*** Records to use ***

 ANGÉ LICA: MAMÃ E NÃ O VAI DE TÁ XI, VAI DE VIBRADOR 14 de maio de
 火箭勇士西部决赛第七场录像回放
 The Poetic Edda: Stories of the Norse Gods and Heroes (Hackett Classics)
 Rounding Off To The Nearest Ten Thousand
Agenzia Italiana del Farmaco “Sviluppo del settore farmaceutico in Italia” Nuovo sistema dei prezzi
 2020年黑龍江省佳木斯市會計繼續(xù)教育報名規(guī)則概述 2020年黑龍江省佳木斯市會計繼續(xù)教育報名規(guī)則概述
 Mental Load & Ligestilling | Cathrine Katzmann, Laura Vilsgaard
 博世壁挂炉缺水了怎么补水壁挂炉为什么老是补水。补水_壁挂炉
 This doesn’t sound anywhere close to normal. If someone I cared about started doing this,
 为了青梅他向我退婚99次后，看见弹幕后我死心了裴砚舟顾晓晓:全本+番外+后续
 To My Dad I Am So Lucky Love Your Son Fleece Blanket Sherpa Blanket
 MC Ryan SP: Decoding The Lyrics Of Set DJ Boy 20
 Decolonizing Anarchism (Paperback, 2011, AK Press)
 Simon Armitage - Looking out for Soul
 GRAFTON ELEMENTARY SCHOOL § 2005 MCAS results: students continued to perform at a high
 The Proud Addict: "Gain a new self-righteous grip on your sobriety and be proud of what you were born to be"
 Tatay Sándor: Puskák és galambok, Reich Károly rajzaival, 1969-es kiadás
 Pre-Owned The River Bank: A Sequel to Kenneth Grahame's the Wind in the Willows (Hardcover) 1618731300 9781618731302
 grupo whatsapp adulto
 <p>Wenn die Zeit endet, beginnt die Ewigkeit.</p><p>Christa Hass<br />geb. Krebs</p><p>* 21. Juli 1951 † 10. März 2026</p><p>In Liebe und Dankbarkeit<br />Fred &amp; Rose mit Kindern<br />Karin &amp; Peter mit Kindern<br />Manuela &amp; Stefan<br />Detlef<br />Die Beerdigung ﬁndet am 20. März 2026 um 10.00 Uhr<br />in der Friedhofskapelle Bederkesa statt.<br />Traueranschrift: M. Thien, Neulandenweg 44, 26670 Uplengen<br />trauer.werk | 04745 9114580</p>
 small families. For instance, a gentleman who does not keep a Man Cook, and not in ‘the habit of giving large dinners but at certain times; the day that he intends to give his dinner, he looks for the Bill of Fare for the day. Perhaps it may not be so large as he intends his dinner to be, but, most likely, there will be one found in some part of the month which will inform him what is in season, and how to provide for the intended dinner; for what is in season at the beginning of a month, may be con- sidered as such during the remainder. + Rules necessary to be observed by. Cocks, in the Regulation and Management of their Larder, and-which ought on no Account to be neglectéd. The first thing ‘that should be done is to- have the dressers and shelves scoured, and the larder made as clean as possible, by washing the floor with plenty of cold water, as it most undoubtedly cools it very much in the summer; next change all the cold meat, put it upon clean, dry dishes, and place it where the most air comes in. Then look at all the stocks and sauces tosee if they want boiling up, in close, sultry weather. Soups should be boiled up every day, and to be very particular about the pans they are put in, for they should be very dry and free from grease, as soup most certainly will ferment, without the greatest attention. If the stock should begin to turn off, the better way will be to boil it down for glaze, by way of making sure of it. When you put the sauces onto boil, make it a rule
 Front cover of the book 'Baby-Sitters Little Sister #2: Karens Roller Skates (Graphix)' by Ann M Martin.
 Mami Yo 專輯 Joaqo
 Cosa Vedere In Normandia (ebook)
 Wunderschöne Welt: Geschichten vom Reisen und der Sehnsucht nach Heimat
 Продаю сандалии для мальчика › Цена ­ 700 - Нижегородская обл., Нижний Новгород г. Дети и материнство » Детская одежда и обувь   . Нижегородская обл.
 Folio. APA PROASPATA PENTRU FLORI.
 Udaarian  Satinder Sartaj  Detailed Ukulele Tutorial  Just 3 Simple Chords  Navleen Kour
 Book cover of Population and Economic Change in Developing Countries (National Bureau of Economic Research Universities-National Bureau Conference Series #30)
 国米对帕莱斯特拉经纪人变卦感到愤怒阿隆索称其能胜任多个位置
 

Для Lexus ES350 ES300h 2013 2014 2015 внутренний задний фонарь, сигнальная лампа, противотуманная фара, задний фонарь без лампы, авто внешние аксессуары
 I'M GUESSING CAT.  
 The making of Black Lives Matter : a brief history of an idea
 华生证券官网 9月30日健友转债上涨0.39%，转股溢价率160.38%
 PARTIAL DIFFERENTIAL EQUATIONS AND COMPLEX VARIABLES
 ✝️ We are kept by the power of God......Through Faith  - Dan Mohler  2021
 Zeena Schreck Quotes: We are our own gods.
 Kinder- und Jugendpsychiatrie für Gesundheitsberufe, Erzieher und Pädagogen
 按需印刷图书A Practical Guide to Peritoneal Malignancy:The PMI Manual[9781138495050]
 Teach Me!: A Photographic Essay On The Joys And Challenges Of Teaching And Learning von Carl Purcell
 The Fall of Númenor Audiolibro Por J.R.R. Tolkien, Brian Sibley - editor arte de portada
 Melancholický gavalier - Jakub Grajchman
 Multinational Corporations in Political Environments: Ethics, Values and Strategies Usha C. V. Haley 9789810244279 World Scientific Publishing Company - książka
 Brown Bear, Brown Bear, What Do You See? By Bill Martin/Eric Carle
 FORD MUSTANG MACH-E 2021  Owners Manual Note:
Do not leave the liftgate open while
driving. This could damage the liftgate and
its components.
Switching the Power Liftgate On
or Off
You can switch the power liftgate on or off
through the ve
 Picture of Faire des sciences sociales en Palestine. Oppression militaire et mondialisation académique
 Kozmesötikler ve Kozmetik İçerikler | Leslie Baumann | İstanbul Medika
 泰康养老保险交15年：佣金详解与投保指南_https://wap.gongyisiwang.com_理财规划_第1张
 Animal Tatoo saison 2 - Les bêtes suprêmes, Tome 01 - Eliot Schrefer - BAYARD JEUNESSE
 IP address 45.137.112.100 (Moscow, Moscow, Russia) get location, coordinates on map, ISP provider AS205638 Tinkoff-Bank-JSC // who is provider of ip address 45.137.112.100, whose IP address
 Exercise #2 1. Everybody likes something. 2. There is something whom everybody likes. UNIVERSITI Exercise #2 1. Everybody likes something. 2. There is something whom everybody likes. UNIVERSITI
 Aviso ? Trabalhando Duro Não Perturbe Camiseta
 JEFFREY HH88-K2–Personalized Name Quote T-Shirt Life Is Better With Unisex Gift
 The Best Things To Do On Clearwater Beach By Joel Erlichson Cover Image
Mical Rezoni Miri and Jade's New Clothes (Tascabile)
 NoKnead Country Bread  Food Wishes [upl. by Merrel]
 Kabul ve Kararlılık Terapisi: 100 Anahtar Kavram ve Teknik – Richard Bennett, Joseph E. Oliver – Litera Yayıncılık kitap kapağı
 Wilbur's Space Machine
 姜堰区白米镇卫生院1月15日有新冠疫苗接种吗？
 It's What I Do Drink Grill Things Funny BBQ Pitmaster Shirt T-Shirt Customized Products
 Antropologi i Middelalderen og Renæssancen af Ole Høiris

*** End of Records to use ***

Exercise objective
Above are the entries; return each one exactly.

Answer section
 ANGÉ LICA: MAMÃ E NÃ O VAI DE TÁ XI, VAI DE VIBRADOR 14 de maio de
 火箭勇士西部决赛第七场录像回放
 The Poetic Edda: Stories of the Norse Gods and Heroes (Hackett Classics)
 Rounding Off To The Nearest Ten Thousand
Agenzia Italiana del Farmaco “Sviluppo del settore farmaceutico in Italia” Nuovo sistema dei prezzi
 2020年黑龍江省佳木斯市會計繼續(xù)教育報名規(guī)則概述 2020年黑龍江省佳木斯市會計繼續(xù)教育報名規(guī)則概述
 Mental Load & Ligestilling | Cathrine Katzmann, Laura Vilsgaard
 博世壁挂炉缺水了怎么补水壁挂炉为什么老是补水。补水_壁挂炉
 This doesn’t sound anywhere close to normal. If someone I cared about started doing this,
 为了青梅他向我退婚99次后，看见弹幕后我死心了裴砚舟顾晓晓:全本+番外+后续
 To My Dad I Am So Lucky Love Your Son Fleece Blanket Sherpa Blanket
 MC Ryan SP: Decoding The Lyrics Of Set DJ Boy 20
 Decolonizing Anarchism (Paperback, 2011, AK Press)
 Simon Armitage - Looking out for Soul
 GRAFTON ELEMENTARY SCHOOL § 2005 MCAS results: students continued to perform at a high
 The Proud Addict: "Gain a new self-righteous grip on your sobriety and be proud of what you were born to be"
 Tatay Sándor: Puskák és galambok, Reich Károly rajzaival, 1969-es kiadás
 Pre-Owned The River Bank: A Sequel to Kenneth Grahame's the Wind in the Willows (Hardcover) 1618731300 9781618731302
 grupo whatsapp adulto
 <p>Wenn die Zeit endet, beginnt die Ewigkeit.</p><p>Christa Hass<br />geb. Krebs</p><p>* 21. Juli 1951 † 10. März 2026</p><p>In Liebe und Dankbarkeit<br />Fred &amp; Rose mit Kindern<br />Karin &amp; Peter mit Kindern<br />Manuela &amp; Stefan<br />Detlef<br />Die Beerdigung ﬁndet am 20. März 2026 um 10.00 Uhr<br />in der Friedhofskapelle Bederkesa statt.<br />Traueranschrift: M. Thien, Neulandenweg 44, 26670 Uplengen<br />trauer.werk | 04745 9114580</p>
 small families. For instance, a gentleman who does not keep a Man Cook, and not in ‘the habit of giving large dinners but at certain times; the day that he intends to give his dinner, he looks for the Bill of Fare for the day. Perhaps it may not be so large as he intends his dinner to be, but, most likely, there will be one found in some part of the month which will inform him what is in season, and how to provide for the intended dinner; for what is in season at the beginning of a month, may be con- sidered as such during the remainder. + Rules necessary to be observed by. Cocks, in the Regulation and Management of their Larder, and-which ought on no Account to be neglectéd. The first thing ‘that should be done is to- have the dressers and shelves scoured, and the larder made as clean as possible, by washing the floor with plenty of cold water, as it most undoubtedly cools it very much in the summer; next change all the cold meat, put it upon clean, dry dishes, and place it where the most air comes in. Then look at all the stocks and sauces tosee if they want boiling up, in close, sultry weather. Soups should be boiled up every day, and to be very particular about the pans they are put in, for they should be very dry and free from grease, as soup most certainly will ferment, without the greatest attention. If the stock should begin to turn off, the better way will be to boil it down for glaze, by way of making sure of it. When you put the sauces onto boil, make it a rule
 Front cover of the book 'Baby-Sitters Little Sister #2: Karens Roller Skates (Graphix)' by Ann M Martin.
 Mami Yo 專輯 Joaqo
 Cosa Vedere In Normandia (ebook)
 Wunderschöne Welt: Geschichten vom Reisen und der Sehnsucht nach Heimat
 Продаю сандалии для мальчика › Цена ­ 700 - Нижегородская обл., Нижний Новгород г. Дети и материнство » Детская одежда и обувь   . Нижегородская обл.
 Folio. APA PROASPATA PENTRU FLORI.
 Udaarian  Satinder Sartaj  Detailed Ukulele Tutorial  Just 3 Simple Chords  Navleen Kour
 Book cover of Population and Economic Change in Developing Countries (National Bureau of Economic Research Universities-National Bureau Conference Series #30)
 国米对帕莱斯特拉经纪人变卦感到愤怒阿隆索称其能胜任多个位置
 

Для Lexus ES350 ES300h 2013 2014 2015 внутренний задний фонарь, сигнальная лампа, противотуманная фара, задний фонарь без лампы, авто внешние аксессуары
 I'M GUESSING CAT.  
 The making of Black Lives Matter : a brief history of an idea
 华生证券官网 9月30日健友转债上涨0.39%，转股溢价率160.38%
 PARTIAL DIFFERENTIAL EQUATIONS AND COMPLEX VARIABLES
 ✝️ We are kept by the power of God......Through Faith  - Dan Mohler  2021
 Zeena Schreck Quotes: We are our own gods.
 Kinder- und Jugendpsychiatrie für Gesundheitsberufe, Erzieher und Pädagogen
 按需印刷图书A Practical Guide to Peritoneal Malignancy:The PMI Manual[9781138495050]
 Teach Me!: A Photographic Essay On The Joys And Challenges Of Teaching And Learning von Carl Purcell
 The Fall of Númenor Audiolibro Por J.R.R. Tolkien, Brian Sibley - editor arte de portada
 Melancholický gavalier - Jakub Grajchman
 Multinational Corporations in Political Environments: Ethics, Values and Strategies Usha C. V. Haley 9789810244279 World Scientific Publishing Company - książka
 Brown Bear, Brown Bear, What Do You See? By Bill Martin/Eric Carle
 FORD MUSTANG MACH-E 2021  Owners Manual Note:
Do not leave the liftgate open while
driving. This could damage the liftgate and
its components.
Switching the Power Liftgate On
or Off
You can switch the power liftgate on or off
through the ve
 Picture of Faire des sciences sociales en Palestine. Oppression militaire et mondialisation académique
 Kozmesötikler ve Kozmetik İçerikler | Leslie Baumann | İstanbul Medika
 泰康养老保险交15年：佣金详解与投保指南_https://wap.gongyisiwang.com_理财规划_第1张
 Animal Tatoo saison 2 - Les bêtes suprêmes, Tome 01 - Eliot Schrefer - BAYARD JEUNESSE
 IP address 45.137.112.100 (Moscow, Moscow, Russia) get location, coordinates on map, ISP provider AS205638 Tinkoff-Bank-JSC // who is provider of ip address 45.137.112.100, whose IP address
 Exercise #2 1. Everybody likes something. 2. There is something whom everybody likes. UNIVERSITI Exercise #2 1. Everybody likes something. 2. There is something whom everybody likes. UNIVERSITI
 Aviso ? Trabalhando Duro Não Perturbe Camiseta
 JEFFREY HH88-K2–Personalized Name Quote T-Shirt Life Is Better With Unisex Gift
 The Best Things To Do On Clearwater Beach By Joel Erlichson Cover Image
Mical Rezoni Miri and Jade's New Clothes (Tascabile)
 NoKnead Country Bread  Food Wishes [upl. by Merrel]
 Kabul ve Kararlılık Terapisi: 100 Anahtar Kavram ve Teknik – Richard Bennett, Joseph E. Oliver – Litera Yayıncılık kitap kapağı
 Wilbur's Space Machine
 姜堰区白米镇卫生院1月15日有新冠疫苗接种吗？
 It's What I Do Drink Grill Things Funny BBQ Pitmaster Shirt T-Shirt Customized Products
 Antropologi i Middelalderen og Renæssancen af Ole Høiris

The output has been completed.